6 июня 1958 года был обычным днем для большинства людей, но только не для моих родителей. В этот день родился я, солнечным летним утром в роддоме «Скарсдейл», что в Честерфилде, и сразу же всех удивил. Дело в том, что мама с папой ожидали, что родится девочка, и уже выбрали ей имя — Памела Джейн. О том, что я мальчик, маме сразу же сообщила акушерка. «Знаете, миссис Баррел, это никакая не Памела, — сказала она. — Это мальчик!» И меня назвали Полом.

Моя мать мечтала о ребенке с самой свадьбы. А вот отец сомневался. И это сразу же стало основным поводом для ссор в молодой семье. Мама бросила работу в шахтерской столовой и в пабе, чтобы ухаживать за дедушкой Кёрком, и часто жаловалась отцу: «Я целыми сутками не выхожу из дома.
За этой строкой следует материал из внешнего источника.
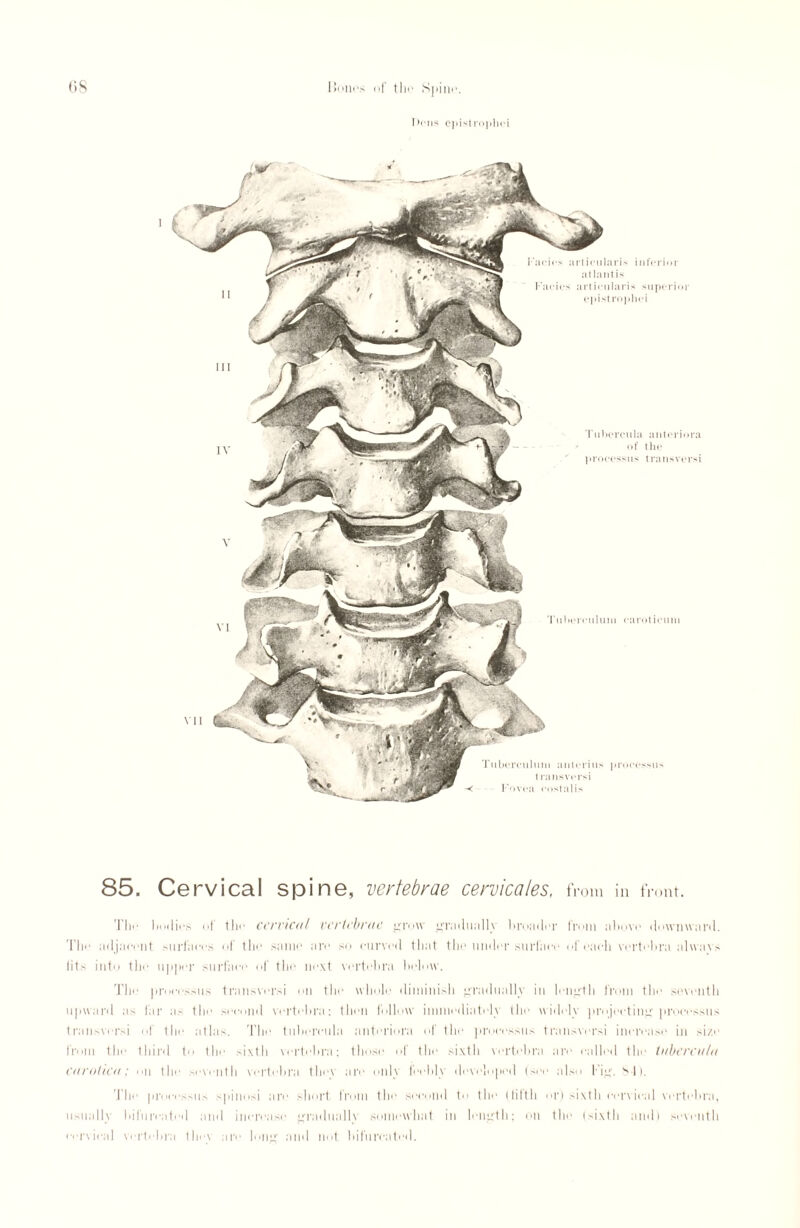 I >i■ iis epistrophei 85. Cervical spine, vertebrae cervica/es, fi ■om in front. I'lie litxlios I tlie ccrvicol vertebrae grow gradually liroader from above downward. The ad jacent surfaces of the same are so curved that the under surface of each vertebra always lits into the upper surface of the next vertebra below. The processus transversi on the whole diminish gradually in length from the seventh upward as far a.- the second vertebra: then follow immediately the widely projecting processus transversi of the atlas. The tuberenla anteriora of the processus transversi increase in size from the third to the sixth vertebra: those of the sixth vertebra are called the tuberculu caroticu; on the seventh vertebra they are only feebly developed (see also Fig. s-li. d he processus spinosi are short from the second to the (tilth or) sixth cervical vertebra, usually bifurcated and increase gradually somewhat in length; on the (sixth and) seventh cervical vertebra they are long and not bifurcated.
Мне было бы гораздо веселее, если бы у меня бы ребеночек, которого я могла бы кормить и купать». Мам всегда спорила с отцом по поводу ребенка в спальне, дождавшись, когда дедушка заснет, В конце концов папа уступил. Однако, когда однажды вечером, в ноябре 1957 года, она узнала, что ждет ребенка, ее охватила тревога, а вот отец, наоборот, очень обрадовался.